Os médicos advertem que a dengue hemorrágica age rapidamente e no prazo de 72 horas pode causar inchaço dos órgãos vitais como fígado, pâncreas e rins, e também insuficiência respiratória.

Uma amiga da família explica que a menina “L” foi levada várias vezes ao Pronto-Socorro de Barra do Garças para receber soro e na sexta-feira recebeu alta, mas voltou a passar mal no sábado, tendo então de ser transferida às pressas para Goiânia, pois não havia vaga disponível em Cuiabá.

Este é outro problema sério que o município de Barra do Garças enfrenta: a falta de leitos na capital do Estado, Cuiabá. “Em casos assim, temos que pedir guia na Secretaria de Saúde de Aragarças (GO) para que o paciente entre em Goiânia como se fosse de Goiás”, conta um amigo da família.

Com mais este caso, passam a ser quatro mortes investigadas e 1.640 casos notificados de dengue no município de Barra do Garças.

Os pais da menina, que são evangélicos, pediram mais empenho das autoridades no combate ao mosquito da dengue. O pai reclamou de um imóvel fechado há cinco anos ao lado de sua casa, na rua Adelino de Souza Lira, fundos do Supermercado Nilo, onde existe uma piscina desativada que está cheia de água suja esverdeada, causando mau cheiro e até com animais mortos dentro.

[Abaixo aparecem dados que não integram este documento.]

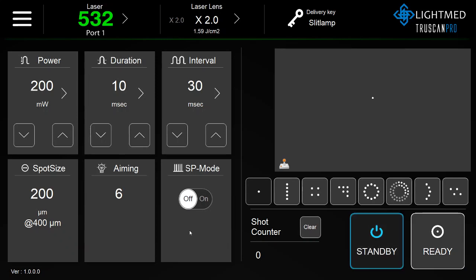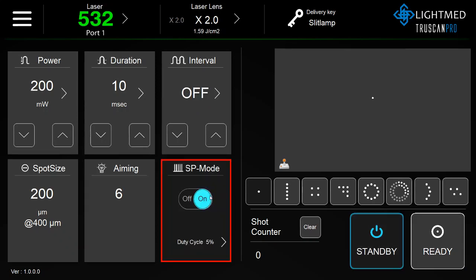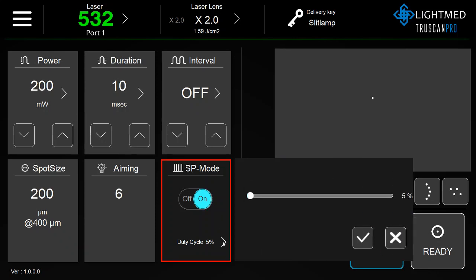In order to turn on SP mode, drag the off button to the right, and select the right arrow to adjust the duty cycle. Click the check mark when ready.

O imóvel pertence a um médico que se mudou da cidade e deixou a casa à venda numa imobiliária. Segundo o pai, a prefeitura precisa pegar uma autorização judicial e entrar nessas casas abandonadas onde existem focos de dengue.

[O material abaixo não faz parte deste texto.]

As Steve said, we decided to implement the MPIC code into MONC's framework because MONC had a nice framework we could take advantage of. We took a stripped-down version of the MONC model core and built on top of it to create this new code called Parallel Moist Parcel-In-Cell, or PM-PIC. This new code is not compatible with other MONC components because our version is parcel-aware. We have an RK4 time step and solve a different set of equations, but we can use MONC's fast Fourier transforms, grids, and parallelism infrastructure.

Sobre a morte da filha, a família não quis falar muito, todavia os amigos se queixam da demora para detectar a doença e do processo de remoção que hoje vem acontecendo para Goiânia porque sempre Cuiabá está sem vaga. “Hoje quem pegar dengue tem que sair direto para Goiânia ou direto para o cemitério”, diz um senhor indignado com a situação.

A secretária de Saúde de Barra do Garças, Daniela Salun, disse que toda vez que precisa não tem leito ou não consegue transferência para Cuiabá e então precisa recorrer a Goiânia para não deixar as pessoas morrerem. Já o secretário de Saúde de Aragarças, Wladimir, dias atrás reclamou da situação porque os casos de dengue de Barra estão virando estatística como se fossem de Aragarças e o município tem sido acionado pela Vigilância Estadual de Goiás. “Nós queremos ajudar, mas vai chegar um momento em que vamos ter de suspender esse tipo de atendimento”, explicou.

No mês passado, a vítima foi o menino Iuri, de 9 anos, que, segundo sua família, morreu devido à demora para fazer sua transferência para Goiânia. O pai de Iuri, o empresário Arnaldo Barbosa, explica que o hospital particular onde o filho estava demorou para liberá-lo e isso agravou o seu quadro de saúde. Antes disso, porém, Iuri havia passado pelo Pronto-Socorro, onde o médico plantonista dissera que não era nada e só lhe aplicou uma injeção. O menino desmaiou na saída do Pronto-Socorro.